Political interference, the soccer scandals coupled with the ban on the basketball team, competition from state-of-the art health clubs, the commercialization of sports were the death of his gym and increasing incidents of doping, Abboud said. “In 1998, we went to a bodybuilding competition and I couldn’t believe it [the widespread use of steroids]. I told my team they could stop if they wanted, win or lose, this is not our place. We stopped after that, the steroids are too much,” he said. As the building of his gym is replaced by an apartment block, he adds: “Now it is at the end.”
Originally operated by his father Khalil, a soccer, player, the gym served as a training facility during World War Two for soldiers being dispatched to North Africa as part of the French military. The gym’s popularity prompted Lebanon’s Christian Kataeb Party, whose headquarters were nearby to assist in replacing the gym’s tent with a more permanent structure. The Kataeb withdrew when the gym started attracting people from other sects.
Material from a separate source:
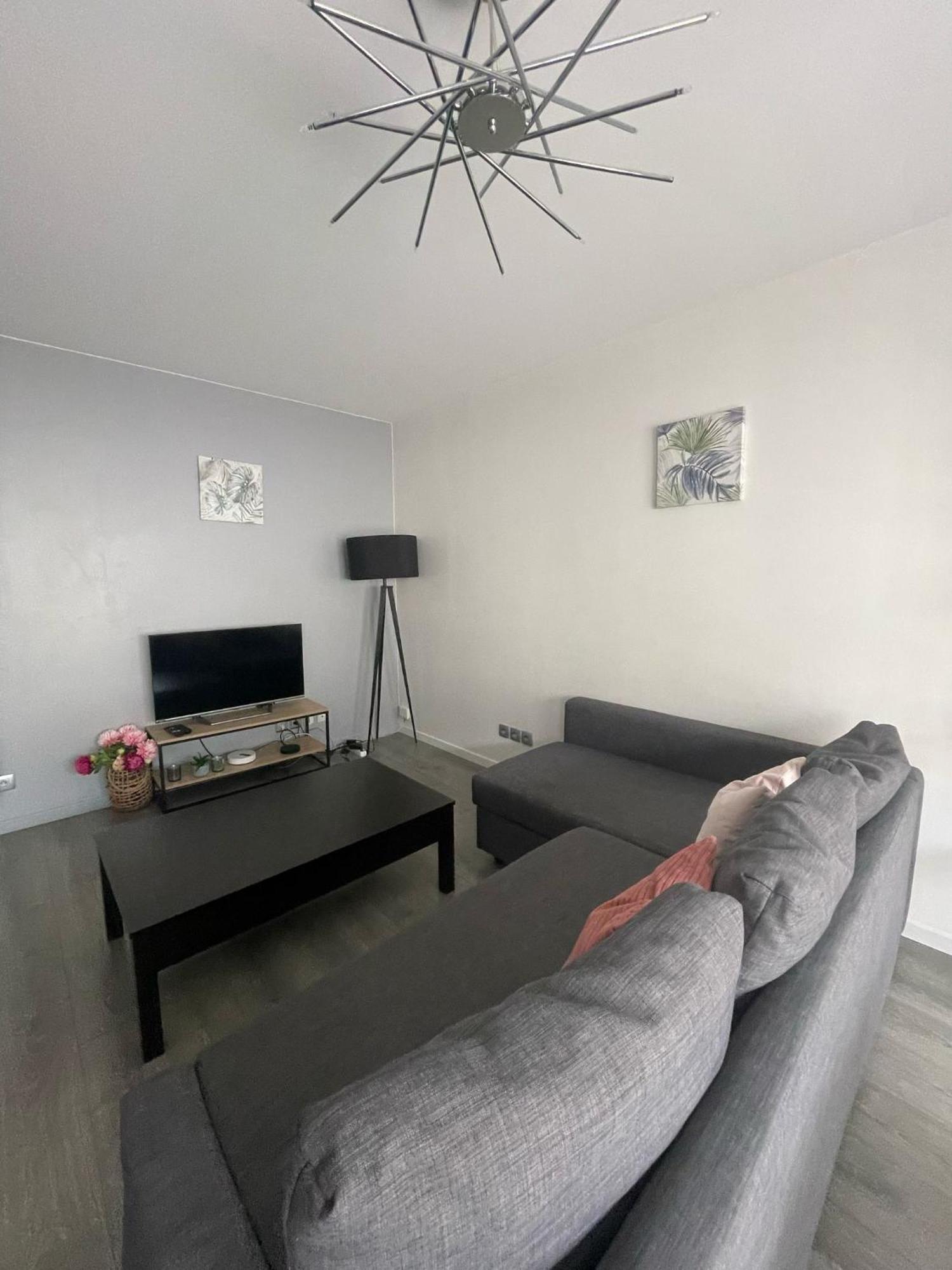 City & Cosy, Lyon Charcot- Wifi - Lave Linge - Balcon - Parking Kültér fotó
American University of Beirut political scientist Danyel Reiche describes professional sports and particularly soccer in Lebanon in an essay in Third World Quarterly as the sector with the most “direct confrontation among the different sectarian and political groups“ because “whereas the political system prevents sects from competing with each other there are no separate sectarian (sports) leagues.” Quoting George Orwell, Reiche says Lebanese soccer amount to “war minus the shooting.”
The scandals kick started when the Asian Football Confederation (AFC) said in February that it was investigating the involvement of players and administrative staff of the Lebanese soccer federation in match-fixing. In total, 20 players and an administrator were banned for life and fined US$ 15,000 each.
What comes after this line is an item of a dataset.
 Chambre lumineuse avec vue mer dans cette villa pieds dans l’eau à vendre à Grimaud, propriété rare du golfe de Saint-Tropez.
The basketball scandal erupted in May when a Lebanese Basketball Championship quarterfinal match was cancelled between rivals Champville, which is backed by the Free Patriotic Movement of former president and Hezbollah ally Gen. Michel Aoun, and Amchit that is chaired by current President Michel Suleiman’s son and backed by the Mustaqbal movement that is headed by Suleiman and caretaker Minister Mohammed al-Safadi. The cancellation and awarding of the match to Champville was prompted by tensions caused by Suleiman’s armed bodyguards.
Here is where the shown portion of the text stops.